The old record was 1,822. One of the leaders of the Friends group, local developer Tim Wolfe, stated at one point he wanted to push the record to at least 2,000. The effort didn’t quite reach that goal, but the old record was still broken, with the number to beat now sitting at 1,880, according to the official count of Guinness Book of World Records judge Kellie Parise.
This was of course the second world record set in Portsmouth this year. In August, during the Friends Plant Portsmouth event participants shattered the record for the most persons simultaneously potting plants. The new record sits at 1,405 almost tripling the previous mark of 500.
For a time on Saturday, it appeared perhaps the rain which fell pretty much constantly throughout the night had chased off enough people to keep the well-publicized caroling record attempt from reaching its goal.
Local ophthalmologist Mike Raies, who also leads the local cover band Blonde Habits, served as emcee for the caroling event. The initial time for the record attempt was 7 p.m. Prior to the appointed hour, Raies several times asked the crowd to get on their cell phones and call for reinforcements as the numbers just weren’t there. Ultimately, Raies said organizers had been given permission to push back the start time and the singing actually got underway about 7:20 p.m.
“The record doesn’t say anything about singing in tune, just make sure you sing,” Raies said at one point. He repeatedly tried to remind the crowd not to leave when the singing was over but to wait until the official count was completed. Nevertheless, Guinness judge Parise said she had to discount some participants because they left early.
Portsmouth Acting Mayor Kevin Johnson was among the many in the crowd Saturday night. He had nothing but praise for the Friends of Portsmouth and the Winterfest event they launched early this month. Johnson said Winterfest was proving to be a wonderful family festival.

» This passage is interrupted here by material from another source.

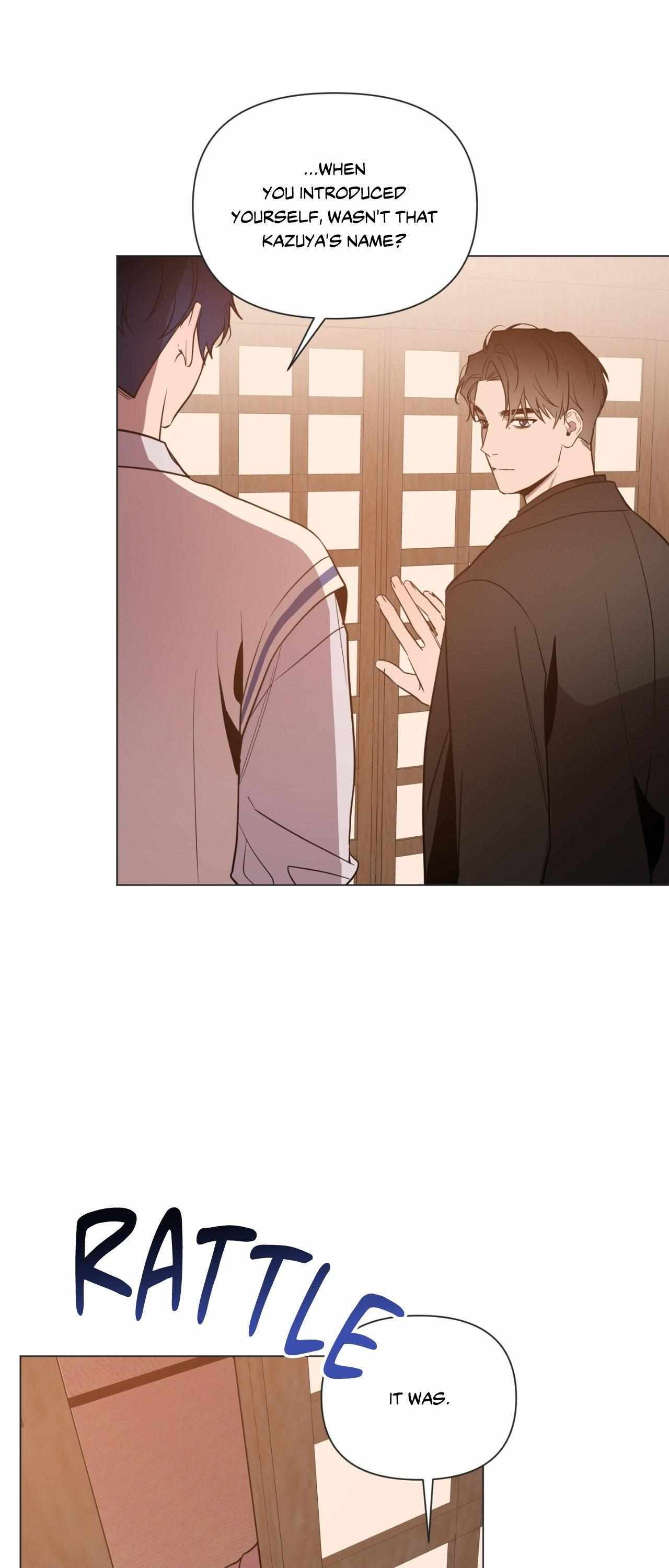 The Dawn Split The Night | ilovecheetos Chapter 53 - Page 3 in English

“We’ve been on the ‘glice,’ taken a carriage ride and just generally had a good time,” Johnson added, further noting Winterfest obviously was a wonderful thing for the city.

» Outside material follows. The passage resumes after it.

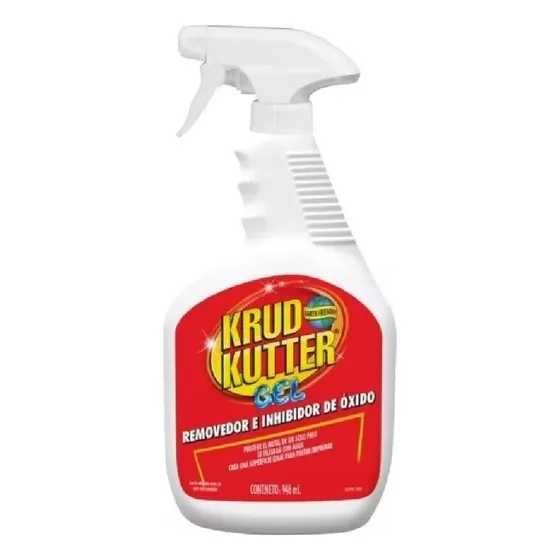 Desoxidante Removedor De Oxido Krud Kutter De Rust Oleum 946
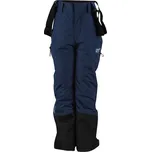 2117 of Sweden Lyžařské kalhoty LOVNAS modré Velikost: 134-140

By “glice” Johnson was referring to the space-age plastic that makes up the surface of the temporary skating rink set up for Winterfest.
“I’m very excited about Winterfest,” said Lanita Warner, one of the many residents in the crowd Saturday evening. She described the event as a wonderful thing for downtown Portsmouth.

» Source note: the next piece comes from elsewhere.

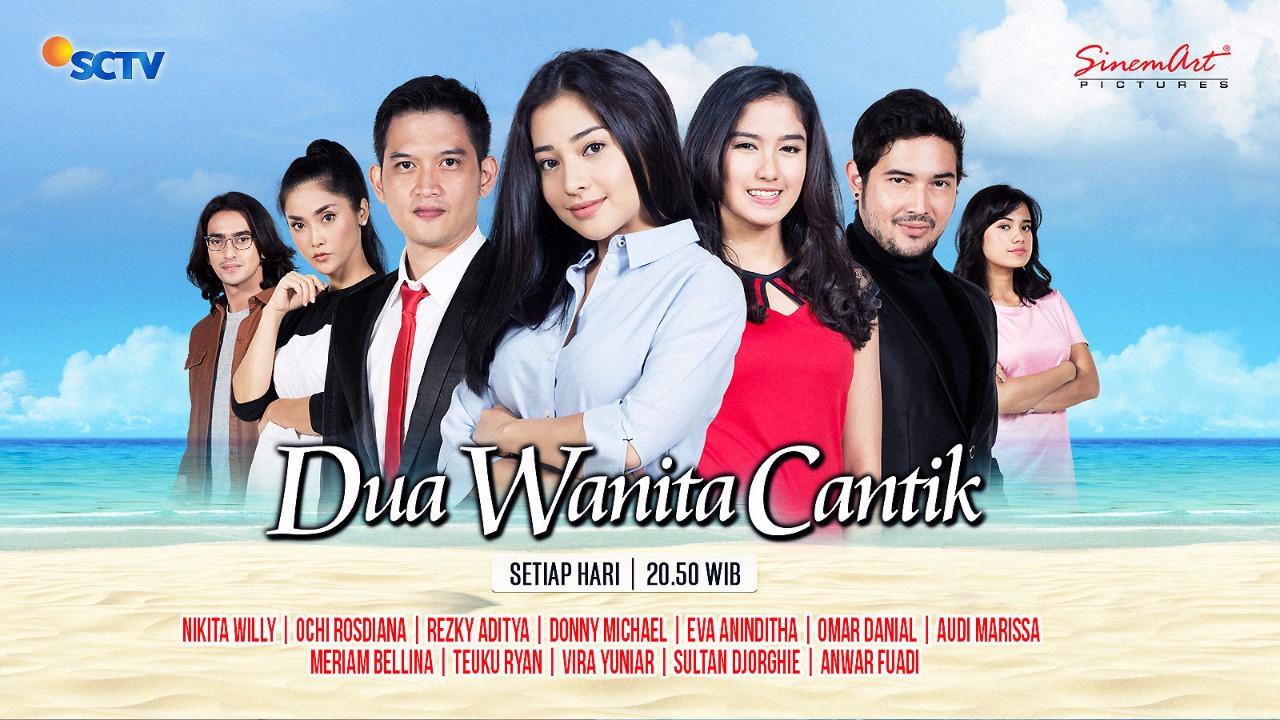 Nikita Willy akan kembali mewarnai layar kaca SCTV lewat sinetron Dua Wanita Cantik dengan beradu peran bersama Rezky Aditya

As persons arrived for the record breaking attempt, whether or not they had previously obtained tickets for the free event, participants were handed color-coded cards with song lyrics printed on them. Carolers sang five different songs at 10 doors on Second and Market streets.
The songs included “Jingle Bells,” “Deck the Halls” and “Rudolph the Red Nose Reindeer.” Rules required carolers move from door to door, with someone actually knocking on a door and someone inside actually opening that door. At the end of each stop, carolers sang “We Wish You a Merry Christmas.”
Doors included businesses along both Market and Second streets. Raies and choir director Linda Tieman from Portsmouth West High School hurried carolers from stop to stop, as rules required the record be broken within 50 minutes of the start time.
Sometime after 8 p.m., with the rain falling harder than ever, Wolfe and Parise announced over a loudspeaker the record had officially been broken. Facebook and social media are replete with descriptions of downtown Portsmouth and Boneyfiddle looking like something out of a Hallmark Channel movie thanks to Winterfest. With that in mind, it seemed appropriate when Wolfe also announced Winterfest will be back for a second year in 2019 with a brand-new sponsor, namely the Hallmark Channel.
The rain soaked evening was capped off by entertainment provided by local music sensation Jacob Tolliver playing some of his favorite tunes under a canopy set up on a truck bed. Tolliver, a former American Idol contestant and member of the Million Dollar Quartet, was also part of the world record breaking caroling crowd.